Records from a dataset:
******

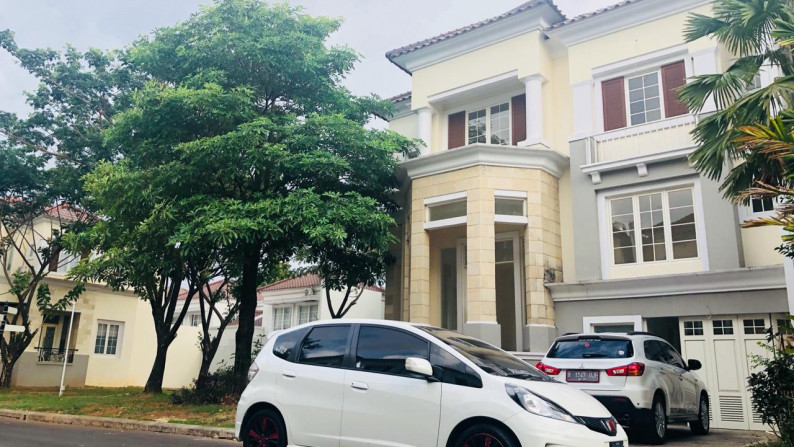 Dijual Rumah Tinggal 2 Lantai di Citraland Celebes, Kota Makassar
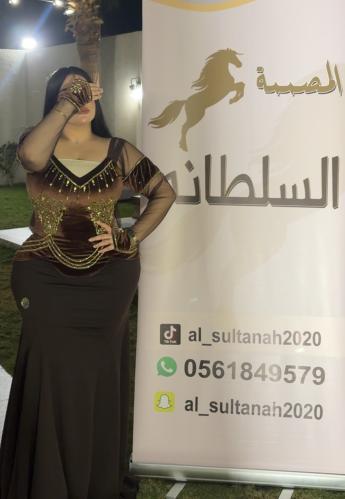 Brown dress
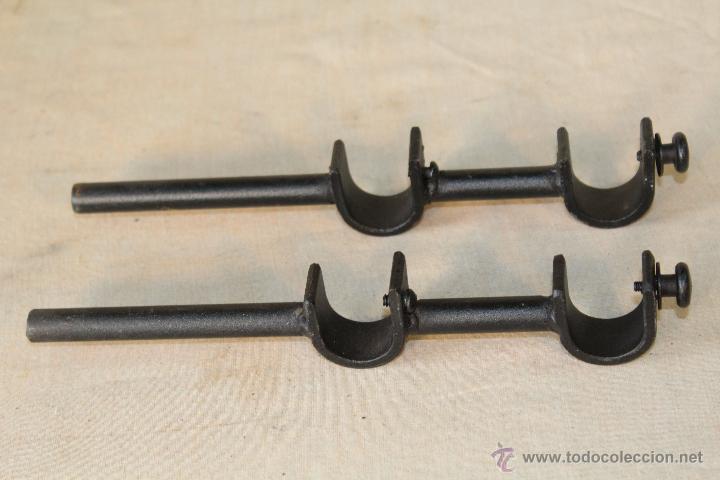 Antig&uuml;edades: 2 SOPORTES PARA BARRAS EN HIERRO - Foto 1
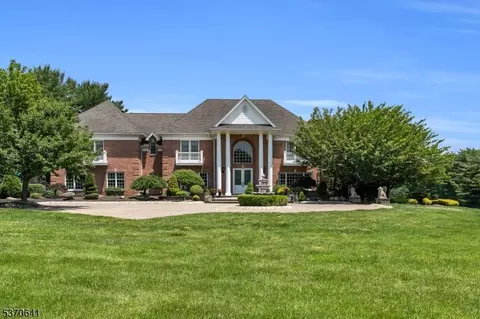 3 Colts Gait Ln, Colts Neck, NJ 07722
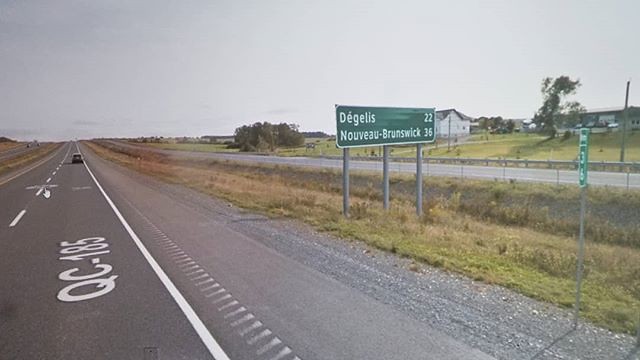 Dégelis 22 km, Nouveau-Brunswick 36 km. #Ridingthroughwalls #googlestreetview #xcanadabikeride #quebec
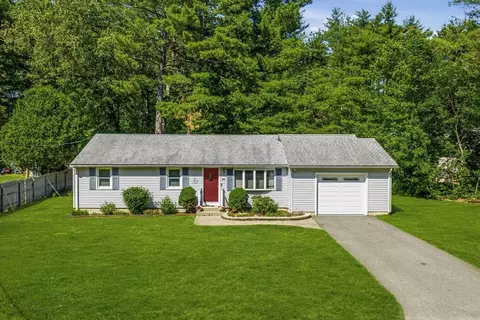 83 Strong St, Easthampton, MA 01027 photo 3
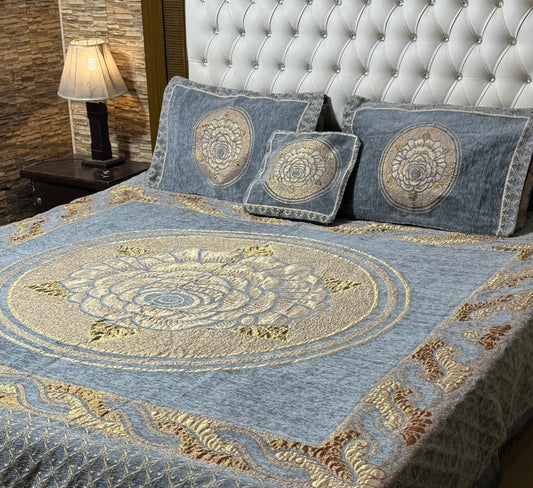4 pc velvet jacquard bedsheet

******

About this exercise:
Do not include pictures. Copy only the lines running from the line with "Dégelis 22 km, Nouveau-Brunswick" through the last line of the records, exactly as they appear.

The completed task:
 Dégelis 22 km, Nouveau-Brunswick 36 km. #Ridingthroughwalls #googlestreetview #xcanadabikeride #quebec
 83 Strong St, Easthampton, MA 01027 photo 3
4 pc velvet jacquard bedsheet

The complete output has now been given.